─── SUPPLIED MATERIAL ───
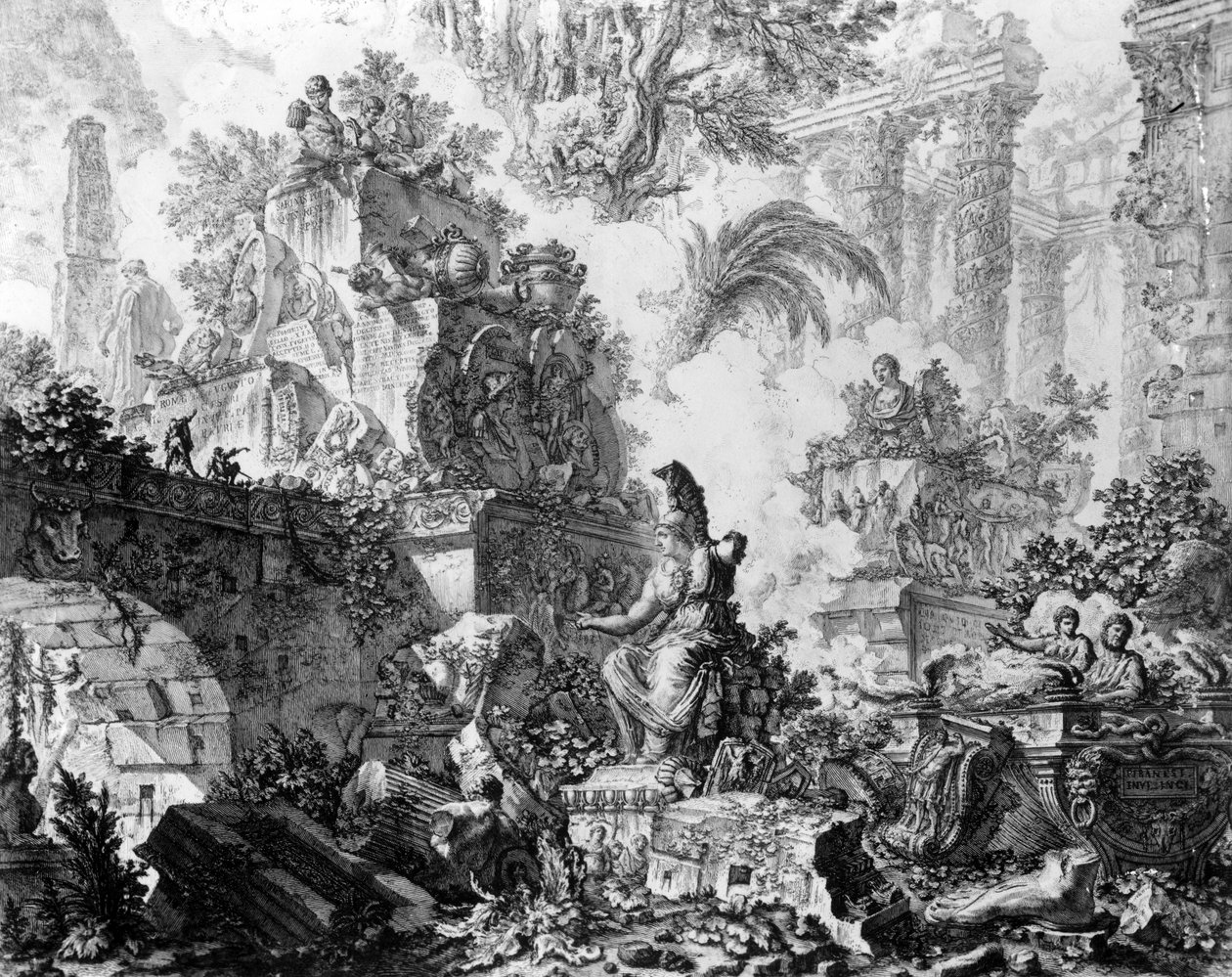 Frontispiece for the 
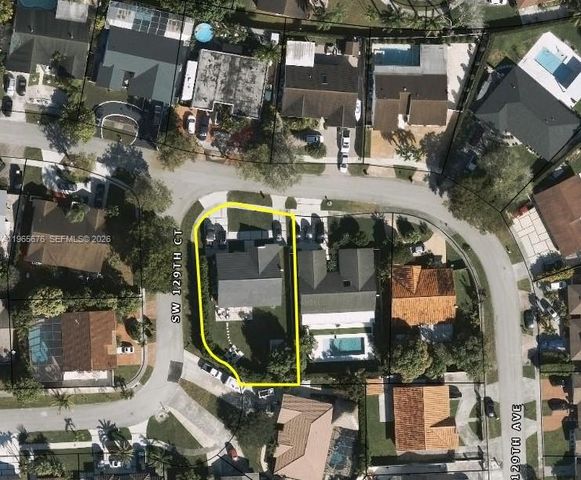 12920 SW 119th St, Miami, FL 33186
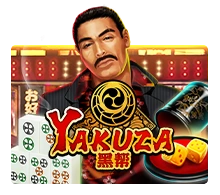 Joker123 : Yakuza - ATHENA777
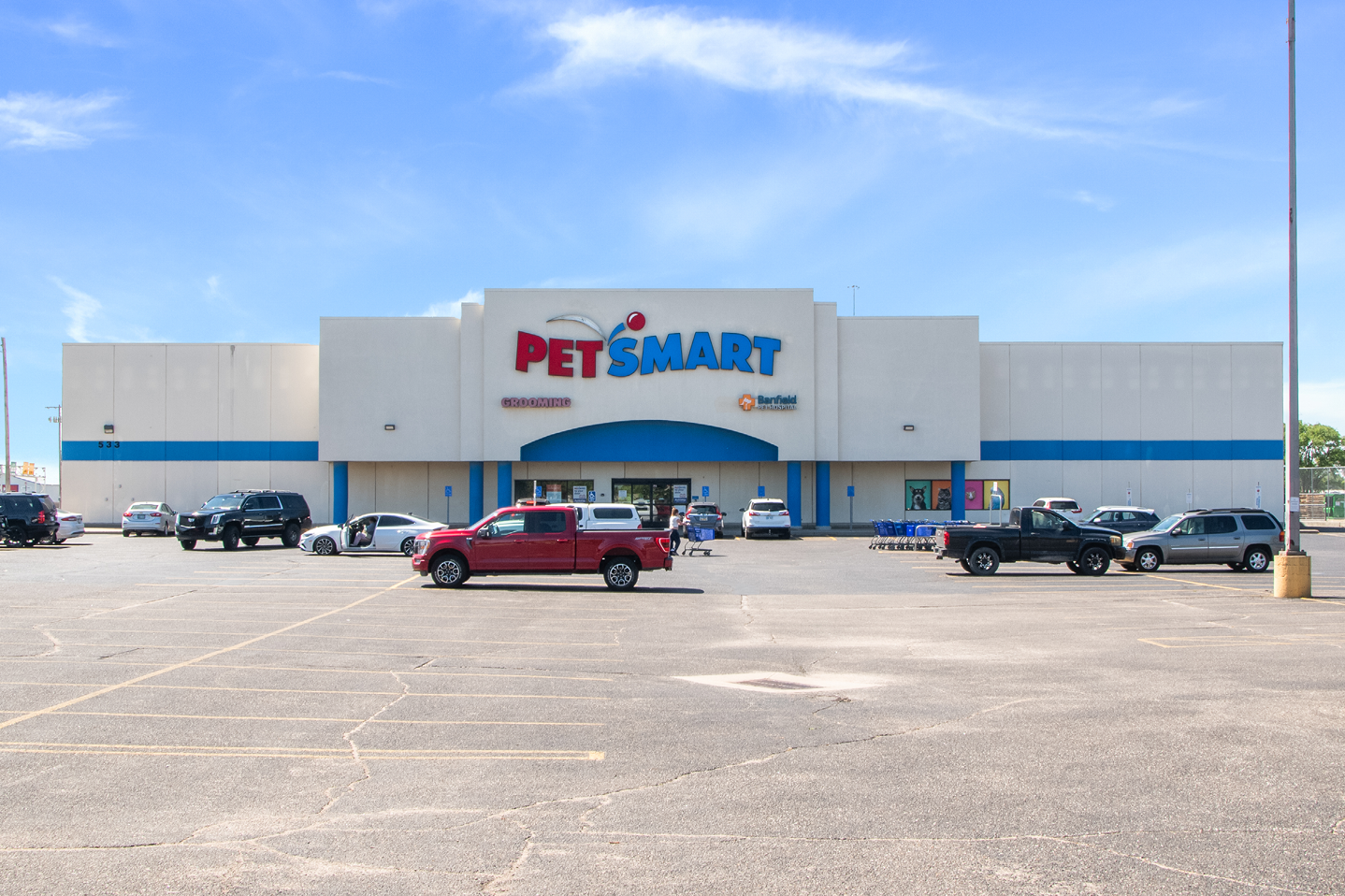533 South Tracy St, Wichita, KS 67209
───
▸ **ASSIGNMENT**
Please output the material as written, apart from the images.

▸ **TASK SOLUTION**
 Frontispiece for the 
 12920 SW 119th St, Miami, FL 33186
 Joker123 : Yakuza - ATHENA777
533 South Tracy St, Wichita, KS 67209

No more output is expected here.